I'm not sure I understand what your getting at. If Python's performance in the M...

amkkma · on Feb 12, 2021

>If you find yourself writing a simulation, and you need to optimize away billions of function calls, you can use the C++ API provided by TensorFlow.

I prefer to just use Julia and get that for free. Also can write custom cuda kernels in pure Julia. And differentiate through arbitrary julia code, compose libraries that know nothing about each other etc

swagonomixxx · on Feb 12, 2021

Sure, that's fine. But I'm assuming GGP is talking about TensorFlow, since that's what this post is about. If you don't need TensorFlow, then this whole conversation is kinda moot, and you can use whatever you like.

amkkma · on Feb 12, 2021

Nobody needs tensorflow. That's just a kludge around the fact that python is terrible for ML.

swagonomixxx · on Feb 12, 2021

So nobody needs TensorFlow, yet it and PyTorch are pretty much the only frameworks widely adopted for ML, and they're in Python. A quick Google search will tell you that, I don't really feel like rebutting to a baseless statement.

PartiallyTyped · on Feb 12, 2021

> If Python's performance in the ML space is not sufficient, then the community would have quickly moved on from it and built something better.

Python's performance is sufficient when the bottleneck is actually the computation done in the accelerator. In my flavour of ML, we use small models, think 3 layer NN 64 neuron wide and in some cases a small CNN. During training, most of the models reported using <150MB.

Most of the community finds python sufficient because they do not need to interleave training and simulating.
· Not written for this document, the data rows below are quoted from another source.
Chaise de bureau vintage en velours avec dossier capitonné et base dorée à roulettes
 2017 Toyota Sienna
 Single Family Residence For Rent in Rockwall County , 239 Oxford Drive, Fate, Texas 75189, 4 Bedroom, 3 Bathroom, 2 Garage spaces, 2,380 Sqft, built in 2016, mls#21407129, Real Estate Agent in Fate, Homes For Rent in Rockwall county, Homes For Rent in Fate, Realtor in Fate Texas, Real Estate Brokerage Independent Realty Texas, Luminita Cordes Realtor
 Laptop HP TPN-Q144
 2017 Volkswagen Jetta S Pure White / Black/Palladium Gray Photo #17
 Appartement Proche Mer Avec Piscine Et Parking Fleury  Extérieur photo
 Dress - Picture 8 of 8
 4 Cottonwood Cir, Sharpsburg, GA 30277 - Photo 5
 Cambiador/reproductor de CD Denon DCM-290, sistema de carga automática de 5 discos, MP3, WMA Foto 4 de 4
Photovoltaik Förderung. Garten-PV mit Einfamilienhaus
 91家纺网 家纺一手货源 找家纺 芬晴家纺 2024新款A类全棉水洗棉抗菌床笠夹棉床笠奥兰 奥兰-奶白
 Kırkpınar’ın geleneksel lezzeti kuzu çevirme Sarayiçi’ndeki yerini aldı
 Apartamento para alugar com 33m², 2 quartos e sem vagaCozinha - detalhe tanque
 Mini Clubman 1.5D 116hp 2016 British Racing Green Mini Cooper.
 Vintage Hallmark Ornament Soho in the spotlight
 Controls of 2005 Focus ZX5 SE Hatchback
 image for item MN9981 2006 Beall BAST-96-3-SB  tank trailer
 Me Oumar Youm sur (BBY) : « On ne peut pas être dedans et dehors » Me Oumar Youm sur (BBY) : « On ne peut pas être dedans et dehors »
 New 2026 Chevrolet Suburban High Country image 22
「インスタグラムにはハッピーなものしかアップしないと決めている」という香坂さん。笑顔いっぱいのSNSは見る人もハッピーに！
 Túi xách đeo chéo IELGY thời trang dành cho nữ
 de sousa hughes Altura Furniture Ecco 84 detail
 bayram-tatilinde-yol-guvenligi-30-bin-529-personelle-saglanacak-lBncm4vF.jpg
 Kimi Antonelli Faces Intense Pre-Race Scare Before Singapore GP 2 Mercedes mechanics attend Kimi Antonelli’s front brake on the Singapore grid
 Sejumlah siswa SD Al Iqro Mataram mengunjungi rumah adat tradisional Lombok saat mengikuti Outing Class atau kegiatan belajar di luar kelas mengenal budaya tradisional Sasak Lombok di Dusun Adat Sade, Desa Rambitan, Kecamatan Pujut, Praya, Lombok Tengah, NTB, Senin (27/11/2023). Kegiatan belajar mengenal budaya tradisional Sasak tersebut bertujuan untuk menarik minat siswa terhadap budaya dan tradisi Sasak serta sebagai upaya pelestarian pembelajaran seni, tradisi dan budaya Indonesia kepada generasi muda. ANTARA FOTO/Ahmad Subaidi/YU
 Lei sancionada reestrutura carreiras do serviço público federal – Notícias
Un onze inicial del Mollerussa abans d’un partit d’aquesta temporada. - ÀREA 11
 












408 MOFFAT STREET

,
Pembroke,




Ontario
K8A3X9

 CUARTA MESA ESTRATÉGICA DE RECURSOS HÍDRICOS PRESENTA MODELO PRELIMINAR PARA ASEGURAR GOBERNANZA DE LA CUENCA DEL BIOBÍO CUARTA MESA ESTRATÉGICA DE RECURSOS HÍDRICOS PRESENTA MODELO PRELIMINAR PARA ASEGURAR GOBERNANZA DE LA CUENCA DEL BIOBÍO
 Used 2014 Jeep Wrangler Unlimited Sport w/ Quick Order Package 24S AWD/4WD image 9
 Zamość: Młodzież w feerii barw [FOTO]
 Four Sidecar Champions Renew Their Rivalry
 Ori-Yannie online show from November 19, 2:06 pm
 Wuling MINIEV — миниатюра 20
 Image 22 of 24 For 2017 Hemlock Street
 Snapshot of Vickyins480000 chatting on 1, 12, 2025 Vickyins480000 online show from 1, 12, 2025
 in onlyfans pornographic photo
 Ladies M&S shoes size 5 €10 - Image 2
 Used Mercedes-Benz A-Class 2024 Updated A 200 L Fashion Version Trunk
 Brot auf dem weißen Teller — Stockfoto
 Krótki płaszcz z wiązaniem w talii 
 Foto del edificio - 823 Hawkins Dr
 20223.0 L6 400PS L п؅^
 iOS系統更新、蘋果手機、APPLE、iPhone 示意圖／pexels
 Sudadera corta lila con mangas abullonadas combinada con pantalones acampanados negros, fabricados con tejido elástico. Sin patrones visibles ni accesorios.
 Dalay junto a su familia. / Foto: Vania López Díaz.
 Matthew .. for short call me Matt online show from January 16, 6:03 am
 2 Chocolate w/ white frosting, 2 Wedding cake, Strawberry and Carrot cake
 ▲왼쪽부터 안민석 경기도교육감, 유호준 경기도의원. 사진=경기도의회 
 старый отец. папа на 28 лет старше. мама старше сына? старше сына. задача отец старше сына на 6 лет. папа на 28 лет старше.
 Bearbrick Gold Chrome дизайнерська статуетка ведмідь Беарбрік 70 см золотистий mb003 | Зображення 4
> For ML purposes, if your model isn't running on the GPU, it doesn't matter if you're using Swift, Rust, or whatever, your stuff is gonna be slow. Like it or not, Python is one of the best glue languages out there, and the reason why libraries like TensorFlow and Torch are not used in their native languages (C++) [0] is because they're significantly simpler to use in Python and the performance overhead is usually one function call (e.g run_inference(...)) and not billions.

You don't know in what I am running/doing, hence your comment comes off as ignorant.

This is the setup:

Run X number of simulated steps on CPU, collect X samples, store them in a buffer of size either X, or Z>>X, train for Y number of steps sampling from buffer, copy model to CPU, repeat for total of 1M steps, repeat 10+ times to get a good average of the performance.

All of that without any hyper parameter tuning.

Now, you also need to note that a non trivial amount of work is also done in python to augment the inputs as necessary. If the work is done in numpy, there's usually little overhead, but, it is often the case that the environment I am simulating is wrapped in wrapper functions that modify the behavior, e.g. I may need to remember the last 4 instances created by the environment, and so on. All these modifications quickly accumulate and for a single experiment of 1M steps, you end up with billions of python calls. The community uses more or less the same package/framework as the intermediary between simulations and models.

The issue is so prominent, that the community as a whole moved away from running in single core the simulations, to having multiple parallel actors to collect transitions/data points, this also requires new theory. Furthermore, there have been many proposed architectures for distributed and asynchronous training because the bottleneck is not the GPU or the model, but rather, how fast you can collect transitions. Infact, there was a distributed architecture by google that literally sends the transitions over the network into a few GPUs, the reason is that the network cost is amortized because you get to run hundreds of simulations concurrently.

IIRC, a maintainer of a popular project/framework that I contribute saw improvements upwards of 2x when using C++ over python.

swagonomixxx · on Feb 12, 2021

> Most of the community finds python sufficient because they do not need to interleave training and simulating.

That's kind of my point. Most of the community has models running on GPU's and don't care too much about CPU-bound workloads, training or otherwise.

If you do care about that, you are in a relatively small niche of machine learning, statistically speaking. I am not denying it's existence, I'm just saying that your stack will have to be different if you want to extract the maximum level of performance out of your CPU.

> IIRC, a maintainer of a popular project/framework that I contribute saw improvements upwards of 2x when using C++ over python.

That's not surprising at all. Like I mentioned in the parent, if you profiled your code and you found that Python function calls are the main bottleneck, and you believe it to be worth investing time in getting rid of them, you can use the C++ API's of Caffe/TF/PyTorch/Whatever.

I personally don't work in simulations so I haven't ran into your problem. In the deep learning world, the CPU is unusable for any task (training, inference, evaluation, etc.), so I've never been concerned with things like function call overhead.

BadInformatics · on Feb 13, 2021

I work with bog-standard deep learning and this does come up, albeit not in the research stage that most people are familiar with. The closer you get to deployment, the less adequate Python becomes and the more you struggle with artificial limitations like the GIL. https://news.ycombinator.com/item?id=20301619 had a good discussion on whether we've collectively "overfit" on this slow glue + fast matrix accelerator model.